### Given data
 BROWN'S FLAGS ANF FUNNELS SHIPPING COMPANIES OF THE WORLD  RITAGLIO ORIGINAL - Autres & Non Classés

--

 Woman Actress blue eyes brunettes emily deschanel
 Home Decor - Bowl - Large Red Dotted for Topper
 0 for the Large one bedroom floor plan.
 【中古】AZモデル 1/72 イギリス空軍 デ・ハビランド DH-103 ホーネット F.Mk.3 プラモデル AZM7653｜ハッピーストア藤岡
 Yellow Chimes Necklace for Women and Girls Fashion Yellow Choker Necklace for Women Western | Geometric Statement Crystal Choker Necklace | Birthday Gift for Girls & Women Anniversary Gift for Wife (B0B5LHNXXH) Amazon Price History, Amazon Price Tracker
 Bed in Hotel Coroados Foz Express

### What you have to do
Which lines of the listing contain the word "Large"? Copy each of them.

### Answer area
 Home Decor - Bowl - Large Red Dotted for Topper
 0 for the Large one bedroom floor plan.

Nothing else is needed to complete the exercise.